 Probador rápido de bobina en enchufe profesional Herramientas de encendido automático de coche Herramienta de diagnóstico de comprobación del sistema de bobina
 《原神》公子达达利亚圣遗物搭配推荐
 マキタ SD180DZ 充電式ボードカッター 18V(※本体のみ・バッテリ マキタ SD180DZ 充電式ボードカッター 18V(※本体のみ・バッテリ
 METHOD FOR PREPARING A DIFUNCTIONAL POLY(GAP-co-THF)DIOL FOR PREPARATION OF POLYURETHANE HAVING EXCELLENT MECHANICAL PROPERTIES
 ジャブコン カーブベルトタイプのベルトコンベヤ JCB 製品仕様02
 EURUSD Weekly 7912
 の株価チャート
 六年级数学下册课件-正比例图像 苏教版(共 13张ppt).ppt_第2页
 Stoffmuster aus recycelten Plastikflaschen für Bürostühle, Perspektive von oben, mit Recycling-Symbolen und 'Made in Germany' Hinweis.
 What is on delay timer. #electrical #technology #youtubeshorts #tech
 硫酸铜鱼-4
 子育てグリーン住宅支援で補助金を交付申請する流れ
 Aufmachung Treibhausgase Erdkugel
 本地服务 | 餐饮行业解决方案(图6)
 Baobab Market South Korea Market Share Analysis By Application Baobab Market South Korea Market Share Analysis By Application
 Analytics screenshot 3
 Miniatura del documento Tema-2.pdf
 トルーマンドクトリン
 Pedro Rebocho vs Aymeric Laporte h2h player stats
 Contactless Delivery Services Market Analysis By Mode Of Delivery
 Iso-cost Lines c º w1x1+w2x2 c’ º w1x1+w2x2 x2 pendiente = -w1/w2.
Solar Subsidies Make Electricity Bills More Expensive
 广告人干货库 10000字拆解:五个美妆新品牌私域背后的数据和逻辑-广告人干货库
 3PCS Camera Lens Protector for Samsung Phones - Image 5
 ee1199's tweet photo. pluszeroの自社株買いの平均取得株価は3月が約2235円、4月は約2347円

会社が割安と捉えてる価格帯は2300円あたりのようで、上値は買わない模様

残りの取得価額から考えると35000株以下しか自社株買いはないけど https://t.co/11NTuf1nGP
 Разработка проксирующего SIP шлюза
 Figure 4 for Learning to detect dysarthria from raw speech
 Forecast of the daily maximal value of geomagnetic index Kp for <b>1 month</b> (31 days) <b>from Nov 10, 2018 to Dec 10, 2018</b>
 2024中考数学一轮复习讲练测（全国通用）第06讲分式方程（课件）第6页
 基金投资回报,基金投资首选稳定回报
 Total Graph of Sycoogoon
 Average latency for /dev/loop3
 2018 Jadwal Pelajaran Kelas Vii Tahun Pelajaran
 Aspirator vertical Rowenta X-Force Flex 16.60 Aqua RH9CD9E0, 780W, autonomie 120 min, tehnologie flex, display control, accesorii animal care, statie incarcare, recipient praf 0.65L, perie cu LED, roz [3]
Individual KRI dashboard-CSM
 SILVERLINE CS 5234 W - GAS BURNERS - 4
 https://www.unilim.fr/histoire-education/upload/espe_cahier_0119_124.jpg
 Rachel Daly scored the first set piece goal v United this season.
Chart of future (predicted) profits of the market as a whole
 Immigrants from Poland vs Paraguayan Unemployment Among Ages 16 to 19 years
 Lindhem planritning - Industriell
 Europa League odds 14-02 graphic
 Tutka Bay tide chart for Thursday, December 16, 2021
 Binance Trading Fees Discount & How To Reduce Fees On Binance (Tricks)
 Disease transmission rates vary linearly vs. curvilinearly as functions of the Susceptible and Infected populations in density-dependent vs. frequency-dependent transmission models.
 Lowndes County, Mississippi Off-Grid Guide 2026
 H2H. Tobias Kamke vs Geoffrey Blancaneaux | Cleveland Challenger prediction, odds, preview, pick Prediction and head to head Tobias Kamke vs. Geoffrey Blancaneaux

____

_What you should do:_ Take each line in the listing that has the word "https" and copy it.

_Written response:_
残りの取得価額から考えると35000株以下しか自社株買いはないけど https://t.co/11NTuf1nGP
 https://www.unilim.fr/histoire-education/upload/espe_cahier_0119_124.jpg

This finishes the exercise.